## Collection entries
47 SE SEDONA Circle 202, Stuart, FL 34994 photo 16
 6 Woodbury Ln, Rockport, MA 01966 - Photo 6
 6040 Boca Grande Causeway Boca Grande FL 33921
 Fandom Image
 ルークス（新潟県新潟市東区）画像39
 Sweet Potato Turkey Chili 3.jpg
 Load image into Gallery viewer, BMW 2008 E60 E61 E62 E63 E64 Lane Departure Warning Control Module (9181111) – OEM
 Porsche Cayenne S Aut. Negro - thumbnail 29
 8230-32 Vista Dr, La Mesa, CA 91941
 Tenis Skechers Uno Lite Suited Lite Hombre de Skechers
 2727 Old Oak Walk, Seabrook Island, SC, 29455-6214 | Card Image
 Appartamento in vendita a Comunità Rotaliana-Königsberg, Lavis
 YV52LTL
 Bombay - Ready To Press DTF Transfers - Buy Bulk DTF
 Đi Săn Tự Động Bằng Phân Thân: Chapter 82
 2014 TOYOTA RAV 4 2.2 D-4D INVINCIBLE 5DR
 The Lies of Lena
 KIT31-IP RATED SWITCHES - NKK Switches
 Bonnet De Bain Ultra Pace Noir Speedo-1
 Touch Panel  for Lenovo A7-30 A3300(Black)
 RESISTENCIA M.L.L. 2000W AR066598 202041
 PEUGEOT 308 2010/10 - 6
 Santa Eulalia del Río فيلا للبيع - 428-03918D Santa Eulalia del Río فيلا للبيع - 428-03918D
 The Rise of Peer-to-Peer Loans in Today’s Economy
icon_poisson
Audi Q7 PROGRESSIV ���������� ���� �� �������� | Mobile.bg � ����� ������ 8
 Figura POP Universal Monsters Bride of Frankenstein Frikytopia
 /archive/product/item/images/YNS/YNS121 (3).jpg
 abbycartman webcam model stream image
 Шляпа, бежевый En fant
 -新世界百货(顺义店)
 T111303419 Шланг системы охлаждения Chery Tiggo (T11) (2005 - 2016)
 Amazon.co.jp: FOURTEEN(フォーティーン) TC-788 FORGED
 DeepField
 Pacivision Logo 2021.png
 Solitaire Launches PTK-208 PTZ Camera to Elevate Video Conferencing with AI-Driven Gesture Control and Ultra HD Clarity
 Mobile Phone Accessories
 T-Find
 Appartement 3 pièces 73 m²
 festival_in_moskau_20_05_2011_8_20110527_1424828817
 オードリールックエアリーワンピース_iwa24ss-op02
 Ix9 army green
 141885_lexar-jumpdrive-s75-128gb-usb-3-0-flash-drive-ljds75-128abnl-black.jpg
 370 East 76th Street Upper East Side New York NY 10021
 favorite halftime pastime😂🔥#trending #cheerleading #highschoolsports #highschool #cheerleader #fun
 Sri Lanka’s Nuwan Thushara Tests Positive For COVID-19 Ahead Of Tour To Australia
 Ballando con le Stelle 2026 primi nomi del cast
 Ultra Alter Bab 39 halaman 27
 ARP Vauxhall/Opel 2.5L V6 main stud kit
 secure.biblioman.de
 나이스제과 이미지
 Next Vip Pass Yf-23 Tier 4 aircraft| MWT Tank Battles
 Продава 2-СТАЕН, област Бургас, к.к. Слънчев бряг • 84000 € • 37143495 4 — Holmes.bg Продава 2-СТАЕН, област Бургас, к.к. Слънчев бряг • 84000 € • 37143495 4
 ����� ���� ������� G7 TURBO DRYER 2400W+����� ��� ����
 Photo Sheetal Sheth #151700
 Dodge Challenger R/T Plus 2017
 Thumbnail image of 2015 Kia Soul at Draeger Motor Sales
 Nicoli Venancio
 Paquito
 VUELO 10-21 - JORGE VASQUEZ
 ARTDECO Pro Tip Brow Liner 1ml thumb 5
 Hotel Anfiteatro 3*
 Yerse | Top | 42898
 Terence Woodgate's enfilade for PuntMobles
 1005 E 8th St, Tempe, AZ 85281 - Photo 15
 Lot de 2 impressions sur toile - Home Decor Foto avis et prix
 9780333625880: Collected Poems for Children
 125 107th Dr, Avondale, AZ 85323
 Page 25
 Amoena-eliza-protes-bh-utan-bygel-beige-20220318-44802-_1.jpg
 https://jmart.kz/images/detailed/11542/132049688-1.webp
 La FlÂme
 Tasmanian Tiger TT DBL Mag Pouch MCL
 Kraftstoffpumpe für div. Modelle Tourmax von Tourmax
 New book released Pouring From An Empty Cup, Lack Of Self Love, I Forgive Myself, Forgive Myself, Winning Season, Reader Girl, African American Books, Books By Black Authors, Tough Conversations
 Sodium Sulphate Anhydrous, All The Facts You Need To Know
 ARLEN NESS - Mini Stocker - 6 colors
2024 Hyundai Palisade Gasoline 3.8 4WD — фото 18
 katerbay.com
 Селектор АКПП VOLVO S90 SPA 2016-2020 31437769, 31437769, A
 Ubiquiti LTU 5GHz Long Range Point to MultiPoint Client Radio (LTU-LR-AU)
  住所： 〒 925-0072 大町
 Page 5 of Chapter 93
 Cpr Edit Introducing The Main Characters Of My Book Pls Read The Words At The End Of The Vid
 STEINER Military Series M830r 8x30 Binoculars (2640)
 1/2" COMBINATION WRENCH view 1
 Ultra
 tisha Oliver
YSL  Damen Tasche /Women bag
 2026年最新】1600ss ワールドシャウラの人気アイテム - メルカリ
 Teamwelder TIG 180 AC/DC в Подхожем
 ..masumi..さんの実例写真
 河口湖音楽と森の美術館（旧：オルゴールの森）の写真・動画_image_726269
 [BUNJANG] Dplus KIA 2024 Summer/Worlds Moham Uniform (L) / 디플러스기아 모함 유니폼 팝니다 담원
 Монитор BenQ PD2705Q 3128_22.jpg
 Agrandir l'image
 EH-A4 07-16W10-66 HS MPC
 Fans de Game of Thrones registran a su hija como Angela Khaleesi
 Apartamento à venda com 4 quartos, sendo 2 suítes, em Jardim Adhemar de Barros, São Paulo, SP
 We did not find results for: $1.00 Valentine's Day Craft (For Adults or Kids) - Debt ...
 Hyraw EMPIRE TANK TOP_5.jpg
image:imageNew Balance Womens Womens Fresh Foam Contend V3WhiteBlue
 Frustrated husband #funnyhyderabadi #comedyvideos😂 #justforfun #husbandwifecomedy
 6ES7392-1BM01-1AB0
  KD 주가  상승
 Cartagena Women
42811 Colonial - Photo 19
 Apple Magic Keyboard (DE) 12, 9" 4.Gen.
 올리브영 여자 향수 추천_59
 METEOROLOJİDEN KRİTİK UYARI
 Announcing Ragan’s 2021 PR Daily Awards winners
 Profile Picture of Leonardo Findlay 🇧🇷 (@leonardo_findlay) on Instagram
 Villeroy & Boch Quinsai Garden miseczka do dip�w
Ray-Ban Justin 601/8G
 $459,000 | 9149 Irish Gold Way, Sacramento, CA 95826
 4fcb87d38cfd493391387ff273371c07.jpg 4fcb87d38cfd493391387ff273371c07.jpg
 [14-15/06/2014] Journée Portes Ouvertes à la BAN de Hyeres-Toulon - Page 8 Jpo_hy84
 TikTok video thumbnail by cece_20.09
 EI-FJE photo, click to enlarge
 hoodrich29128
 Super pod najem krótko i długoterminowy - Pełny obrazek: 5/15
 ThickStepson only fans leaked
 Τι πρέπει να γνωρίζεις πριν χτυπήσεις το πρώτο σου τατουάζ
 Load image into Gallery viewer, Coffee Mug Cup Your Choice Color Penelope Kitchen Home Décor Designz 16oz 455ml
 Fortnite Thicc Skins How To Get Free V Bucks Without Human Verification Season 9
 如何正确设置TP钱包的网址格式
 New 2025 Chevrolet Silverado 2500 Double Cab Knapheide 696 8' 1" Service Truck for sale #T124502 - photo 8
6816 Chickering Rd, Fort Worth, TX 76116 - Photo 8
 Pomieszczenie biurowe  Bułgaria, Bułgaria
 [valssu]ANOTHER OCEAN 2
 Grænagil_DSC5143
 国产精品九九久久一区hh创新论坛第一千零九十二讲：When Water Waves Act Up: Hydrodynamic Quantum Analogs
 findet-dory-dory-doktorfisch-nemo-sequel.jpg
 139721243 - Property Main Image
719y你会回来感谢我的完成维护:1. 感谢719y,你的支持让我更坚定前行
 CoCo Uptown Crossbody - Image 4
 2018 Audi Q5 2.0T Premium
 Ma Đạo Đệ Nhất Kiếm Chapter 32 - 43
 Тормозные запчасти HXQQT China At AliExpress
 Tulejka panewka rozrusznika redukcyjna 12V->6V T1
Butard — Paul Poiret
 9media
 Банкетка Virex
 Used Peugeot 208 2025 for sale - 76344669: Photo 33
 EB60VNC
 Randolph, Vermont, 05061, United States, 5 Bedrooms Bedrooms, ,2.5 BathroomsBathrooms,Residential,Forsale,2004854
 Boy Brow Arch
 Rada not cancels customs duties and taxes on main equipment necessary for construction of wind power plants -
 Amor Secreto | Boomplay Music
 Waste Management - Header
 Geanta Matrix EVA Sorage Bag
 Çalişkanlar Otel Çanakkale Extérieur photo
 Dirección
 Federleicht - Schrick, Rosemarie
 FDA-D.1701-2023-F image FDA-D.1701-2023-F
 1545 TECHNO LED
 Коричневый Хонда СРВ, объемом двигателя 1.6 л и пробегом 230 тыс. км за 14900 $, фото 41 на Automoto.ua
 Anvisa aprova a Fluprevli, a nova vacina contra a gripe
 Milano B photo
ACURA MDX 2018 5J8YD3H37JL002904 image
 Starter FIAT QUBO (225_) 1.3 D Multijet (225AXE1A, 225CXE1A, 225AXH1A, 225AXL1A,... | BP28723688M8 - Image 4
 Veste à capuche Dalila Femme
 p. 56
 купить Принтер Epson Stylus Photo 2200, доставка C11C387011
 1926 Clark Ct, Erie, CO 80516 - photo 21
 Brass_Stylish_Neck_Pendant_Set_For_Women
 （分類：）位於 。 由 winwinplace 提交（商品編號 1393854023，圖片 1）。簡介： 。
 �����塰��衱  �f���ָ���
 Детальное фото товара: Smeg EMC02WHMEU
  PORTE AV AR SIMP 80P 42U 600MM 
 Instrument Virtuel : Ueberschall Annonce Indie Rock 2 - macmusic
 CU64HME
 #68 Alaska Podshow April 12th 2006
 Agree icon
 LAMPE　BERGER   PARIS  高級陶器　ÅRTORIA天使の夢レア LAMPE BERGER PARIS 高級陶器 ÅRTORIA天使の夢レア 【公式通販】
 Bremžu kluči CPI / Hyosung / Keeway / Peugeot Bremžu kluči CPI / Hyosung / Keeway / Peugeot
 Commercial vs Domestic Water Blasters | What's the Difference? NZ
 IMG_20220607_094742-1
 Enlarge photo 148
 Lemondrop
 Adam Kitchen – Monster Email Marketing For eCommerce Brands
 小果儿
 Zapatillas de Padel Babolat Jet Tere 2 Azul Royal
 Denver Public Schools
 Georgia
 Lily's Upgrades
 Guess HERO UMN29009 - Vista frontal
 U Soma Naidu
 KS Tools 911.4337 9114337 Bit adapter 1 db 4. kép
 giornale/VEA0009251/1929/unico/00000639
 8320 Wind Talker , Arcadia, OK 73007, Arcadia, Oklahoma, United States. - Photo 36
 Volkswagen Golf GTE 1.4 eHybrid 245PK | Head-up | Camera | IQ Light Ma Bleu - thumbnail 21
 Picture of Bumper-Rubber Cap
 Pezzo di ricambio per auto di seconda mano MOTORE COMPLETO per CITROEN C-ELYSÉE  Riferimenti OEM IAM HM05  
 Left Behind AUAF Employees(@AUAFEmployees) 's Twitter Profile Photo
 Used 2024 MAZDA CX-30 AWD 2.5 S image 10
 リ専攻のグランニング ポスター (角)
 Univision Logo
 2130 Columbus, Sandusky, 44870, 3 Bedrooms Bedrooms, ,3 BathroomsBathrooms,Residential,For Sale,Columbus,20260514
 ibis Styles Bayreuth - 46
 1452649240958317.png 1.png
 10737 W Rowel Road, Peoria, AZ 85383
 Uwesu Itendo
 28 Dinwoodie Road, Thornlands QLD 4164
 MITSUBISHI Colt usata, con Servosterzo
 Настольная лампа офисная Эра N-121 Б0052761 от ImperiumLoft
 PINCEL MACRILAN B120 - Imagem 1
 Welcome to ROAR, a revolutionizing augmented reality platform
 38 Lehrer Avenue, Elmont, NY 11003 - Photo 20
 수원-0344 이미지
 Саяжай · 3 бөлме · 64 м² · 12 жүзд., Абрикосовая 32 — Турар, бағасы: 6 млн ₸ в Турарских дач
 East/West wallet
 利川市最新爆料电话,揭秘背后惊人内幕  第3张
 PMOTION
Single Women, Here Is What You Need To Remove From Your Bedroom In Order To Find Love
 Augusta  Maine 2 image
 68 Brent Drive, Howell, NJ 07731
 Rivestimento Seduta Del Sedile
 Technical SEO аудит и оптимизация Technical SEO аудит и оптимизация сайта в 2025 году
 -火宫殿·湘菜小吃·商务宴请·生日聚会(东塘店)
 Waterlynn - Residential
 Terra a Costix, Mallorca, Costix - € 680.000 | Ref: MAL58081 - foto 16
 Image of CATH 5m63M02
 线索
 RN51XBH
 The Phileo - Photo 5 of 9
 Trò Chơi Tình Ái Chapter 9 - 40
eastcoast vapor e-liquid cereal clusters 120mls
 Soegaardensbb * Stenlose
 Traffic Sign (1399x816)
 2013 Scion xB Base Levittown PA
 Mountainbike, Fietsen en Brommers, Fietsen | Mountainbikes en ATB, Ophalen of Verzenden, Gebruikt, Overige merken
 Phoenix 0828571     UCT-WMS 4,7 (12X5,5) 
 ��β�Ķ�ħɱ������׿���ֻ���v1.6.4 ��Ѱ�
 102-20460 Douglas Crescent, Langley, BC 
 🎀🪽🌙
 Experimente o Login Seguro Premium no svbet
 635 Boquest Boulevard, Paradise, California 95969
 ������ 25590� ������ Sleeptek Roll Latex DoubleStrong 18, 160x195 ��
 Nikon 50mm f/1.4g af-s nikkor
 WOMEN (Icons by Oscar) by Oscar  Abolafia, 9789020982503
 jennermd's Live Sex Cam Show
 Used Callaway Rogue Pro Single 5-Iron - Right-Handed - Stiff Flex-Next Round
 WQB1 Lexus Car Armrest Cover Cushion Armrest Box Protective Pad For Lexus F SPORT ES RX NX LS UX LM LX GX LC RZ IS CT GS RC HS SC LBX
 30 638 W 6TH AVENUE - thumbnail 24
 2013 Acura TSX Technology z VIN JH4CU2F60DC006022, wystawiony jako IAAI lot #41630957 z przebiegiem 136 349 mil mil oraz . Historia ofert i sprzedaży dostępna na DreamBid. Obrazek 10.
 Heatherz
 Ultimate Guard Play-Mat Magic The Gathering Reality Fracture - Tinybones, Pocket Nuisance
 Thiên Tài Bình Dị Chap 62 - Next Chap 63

## Your assignment
Each line holding the string "Magic" counts once. Work out the number of such lines in the data and give only that.

## Task result
2